Faultlessly drawn features of friends and acquaintances animate Clair Oswalt’s puppets. Hinged at their major joints, the Culver City artist’s flat wooden cutouts wave, jump, change directions and tumble, casting shadows on supportive imagery drawn on large white sheets of paper tacked to the wall inches behind them. Only one work, “Eternal Introduction” (featuring two headless, suited male figures shaking hands), relies on motorization to impel action. The others skillfully suggest constriction and movement on their own, implicating time and space while raising issues of control and trust in ways that compel us to laugh and/or sigh (Taylor De Cordoba, Culver City).



Claire Oswalt, “For Right Now,” 2008,
graphite, paper, wood, 54 x 40”.






Kara Walker, “Darkytown Rebellion,” 2001,
cut paper and projection on wall, 14 x 37 ft.

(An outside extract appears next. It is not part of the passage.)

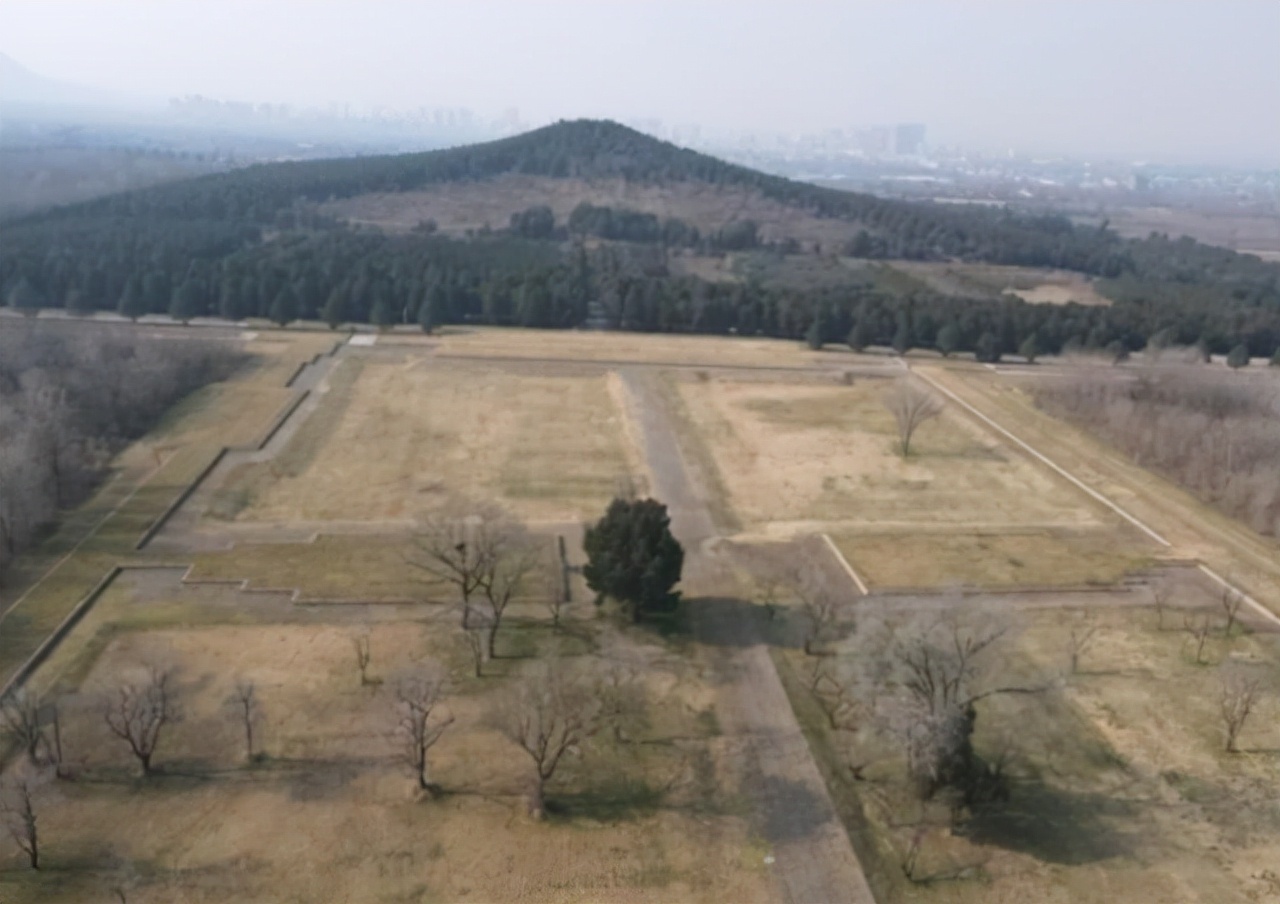 专家们@秦陵外城东门遗址被发掘,证明该城门毁于大火,项羽纵火事件实锤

A survey exhibition tracing the development of Kara Walker’s investigations into racism’s terrain--grounded in her studies of sources as varied and contradictory as antebellum novels, the testimony of slaves, folk tales, minstrel shows, art and film--come to life early on in dioramas peopled with cut-paper silhouettes. “Gone, An Historical Romance of a Civil War as It Occurred Between the Dusky Thighs of One Young Negress and Her Heart,” was initially unveiled at the Drawing Center in 1994. Composed of animated black cut outs affixed to a 50 foot long curved white wall, it sets the tone for this grand survey of Walker’s witty, tender but unsettling work. Drawings, collages, paintings and films accompany her large murals, augmented with a video examining the artist’s process. Shadow puppetry and light projections draw spectators into works like “Darkytown Rebellion,” where they become participants in Walker’s examination of racial and gender identity issues (Hammer Museum, West Los Angeles).